■ Goal of the exercise:
Give back, character for character, the line that includes "Beta’s Choice Black" and all lines beneath it in the data.

■ Stored items from a collection:
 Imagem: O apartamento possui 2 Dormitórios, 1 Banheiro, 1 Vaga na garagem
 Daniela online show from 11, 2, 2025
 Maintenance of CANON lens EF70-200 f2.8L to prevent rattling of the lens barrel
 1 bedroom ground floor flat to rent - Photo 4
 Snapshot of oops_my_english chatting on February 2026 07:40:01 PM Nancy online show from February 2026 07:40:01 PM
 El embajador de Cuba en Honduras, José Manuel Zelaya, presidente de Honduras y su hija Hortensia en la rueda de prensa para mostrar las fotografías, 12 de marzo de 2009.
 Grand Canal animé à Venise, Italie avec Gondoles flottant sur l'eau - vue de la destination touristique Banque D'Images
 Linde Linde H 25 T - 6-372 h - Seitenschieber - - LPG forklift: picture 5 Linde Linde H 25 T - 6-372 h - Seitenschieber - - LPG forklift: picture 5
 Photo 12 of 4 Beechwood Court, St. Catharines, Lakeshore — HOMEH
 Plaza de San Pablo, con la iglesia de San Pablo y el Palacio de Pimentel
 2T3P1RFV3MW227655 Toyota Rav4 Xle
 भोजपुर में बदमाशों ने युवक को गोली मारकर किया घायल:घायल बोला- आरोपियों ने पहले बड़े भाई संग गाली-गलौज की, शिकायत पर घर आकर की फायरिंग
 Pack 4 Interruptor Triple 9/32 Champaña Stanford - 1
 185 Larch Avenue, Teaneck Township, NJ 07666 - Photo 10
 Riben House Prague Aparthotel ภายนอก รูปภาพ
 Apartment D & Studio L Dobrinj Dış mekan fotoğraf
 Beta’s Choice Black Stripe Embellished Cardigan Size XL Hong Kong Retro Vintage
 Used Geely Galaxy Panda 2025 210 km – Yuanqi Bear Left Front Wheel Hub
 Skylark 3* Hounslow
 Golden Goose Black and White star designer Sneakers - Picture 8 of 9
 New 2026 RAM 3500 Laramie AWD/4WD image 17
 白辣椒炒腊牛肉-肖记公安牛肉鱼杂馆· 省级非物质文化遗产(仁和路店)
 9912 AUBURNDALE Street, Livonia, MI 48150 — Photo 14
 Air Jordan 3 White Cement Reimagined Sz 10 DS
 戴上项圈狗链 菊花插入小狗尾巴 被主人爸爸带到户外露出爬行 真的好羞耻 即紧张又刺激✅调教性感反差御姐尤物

■ Problem solution:
 Beta’s Choice Black Stripe Embellished Cardigan Size XL Hong Kong Retro Vintage
 Used Geely Galaxy Panda 2025 210 km – Yuanqi Bear Left Front Wheel Hub
 Skylark 3* Hounslow
 Golden Goose Black and White star designer Sneakers - Picture 8 of 9
 New 2026 RAM 3500 Laramie AWD/4WD image 17
 白辣椒炒腊牛肉-肖记公安牛肉鱼杂馆· 省级非物质文化遗产(仁和路店)
 9912 AUBURNDALE Street, Livonia, MI 48150 — Photo 14
 Air Jordan 3 White Cement Reimagined Sz 10 DS
 戴上项圈狗链 菊花插入小狗尾巴 被主人爸爸带到户外露出爬行 真的好羞耻 即紧张又刺激✅调教性感反差御姐尤物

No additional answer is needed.